Dia jambak rambut Sophie dan bertanya, “Apa kamu akan keluar sebentar lagi Sophie?”
“YAAA!!!” dia mengerang keras.
“Mau aku keluar di dalam?” tanya Charles.
“YAAAAAA!!!” jawab si cantik, sekarang bertumpu dengan kedua sikunya, tangannya mencengkeram tepian meja dengan erat.
“Katakan!” geram Charles, dia terus menusuknya, batasnya sudah di ambang mata.
“KELLUARKANNN DIII DALLLAMMM!!!! OHHHHH! PLEEAASSSEE!!!” Sophie meneriaki boss kekasihnya.

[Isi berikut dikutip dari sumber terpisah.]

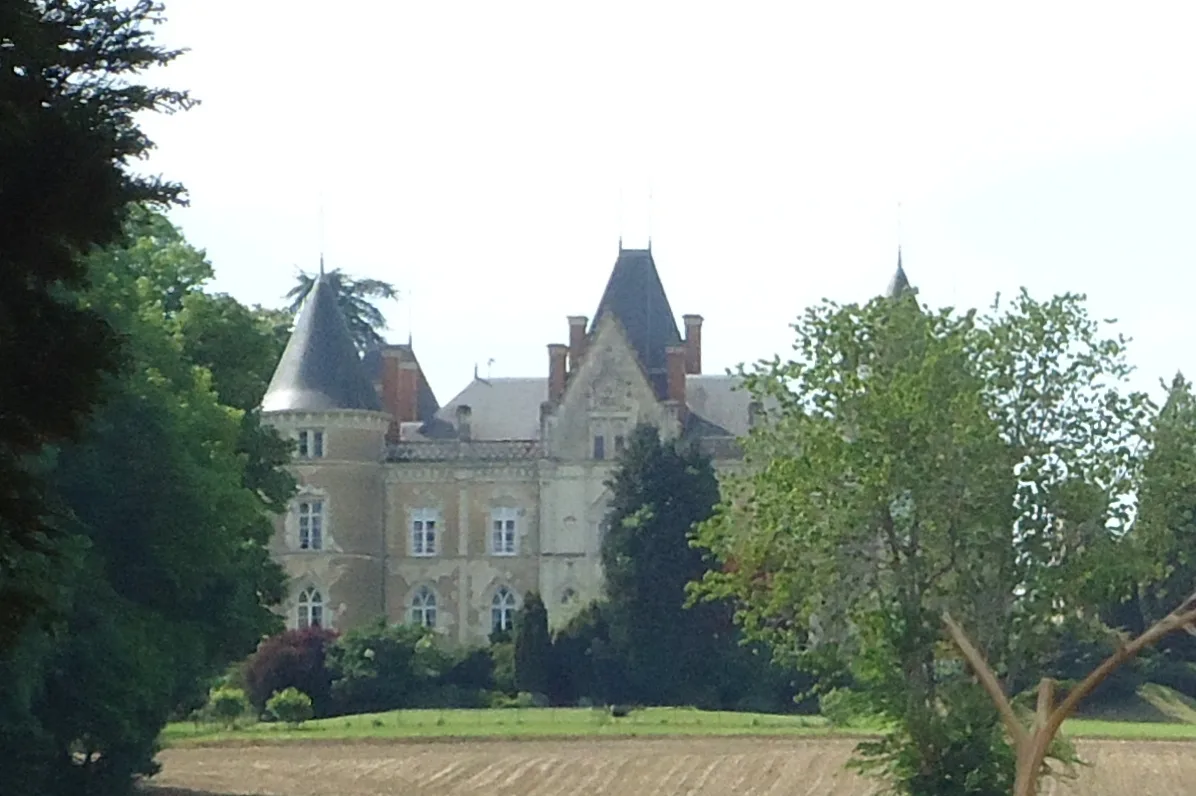 Château de la Roche-Mailly, Requeil – Sarthe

Mendengarkan kalimat tersebut keluar dari bibir wanita nan seksi dan betapa dinding vagina Sophie yang mencengkeram rapat batang penisnya, membuat buah zakar Charles mulai mengencang. Akhirnya akan dia semburkan air maninya di dalam vagina kekasih Joss yang begitu menggoda, yang telah begitu lama dia incar ini.
“Aku tak bisa mendengarmu dengan jelas honey, apa semua baik-baik saja?” tanya sang kekasih yang tak mengerti apapun.

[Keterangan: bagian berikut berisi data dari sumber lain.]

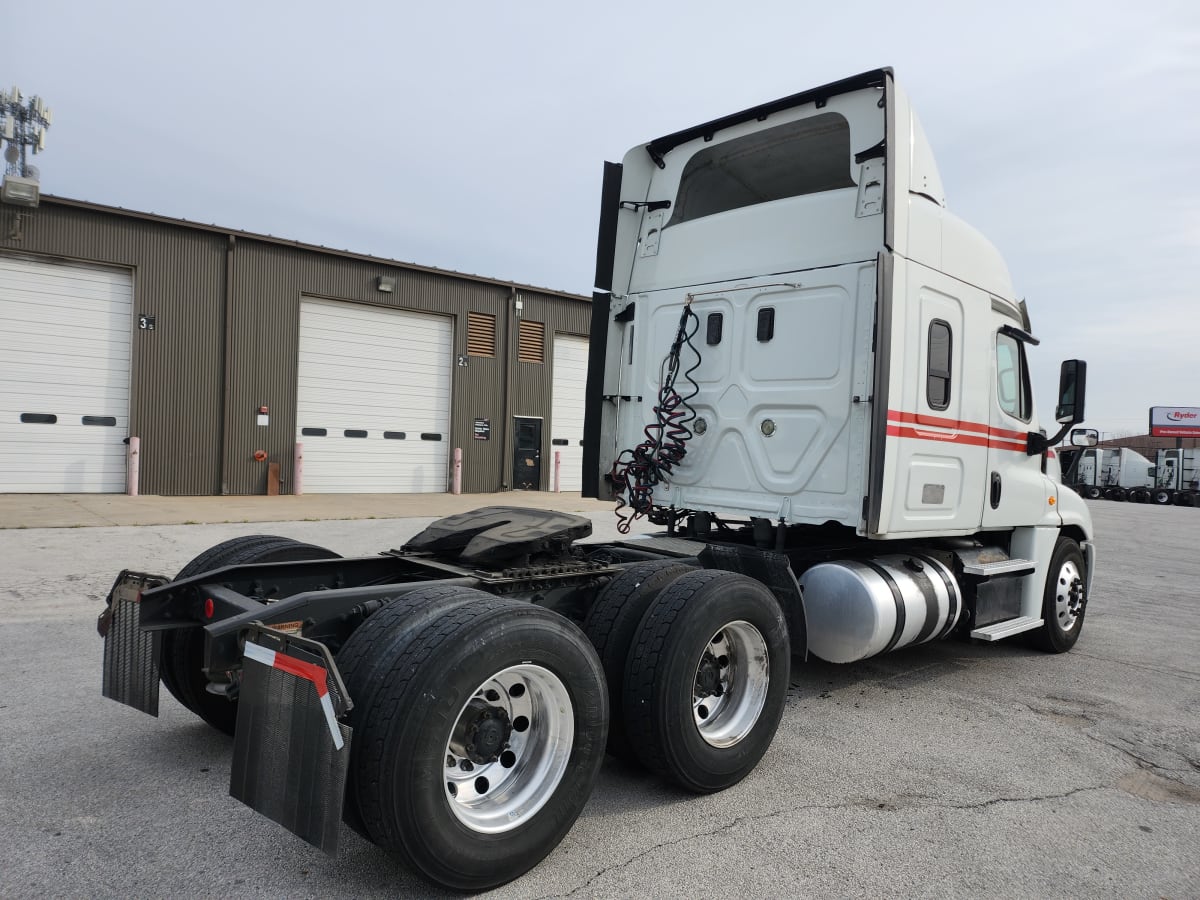 2017 Freightliner/Mercedes CASCADIA 125 675502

“YA BABY! OH YA! SEMUANYA BAIK BAAIKK SAAJJJAAA!” Sophie berusaha menjaga suaranya tedengar normal di bawah serangan Charles yang begitu brutal.
“Sekarang Soph! Sekarang saatnya merasakan semburan maniku dalam vaginamu tanpa pelindung!” Charles menyeringai.
Dia terus dengarkan Josh bicara di telpon, dia jambak rambut Sophie dengan keras, dia sentakkan kepalanya ke belakang sejauh mungkin, dia tusukkan batang penisnya sedalam-dalamnya untuk yang terakhir kalinya ke dalam vagina Sophie.
“Oh Soph! Yeah! Uh! Terima ini! Terima maniku! Yeah! Akan ku keluarkan di dalam vaginamu Sophie! Aarrgghhh!” Charles menggeram keras.
Sophie hanya membalas dengan merintih penuh nikmat.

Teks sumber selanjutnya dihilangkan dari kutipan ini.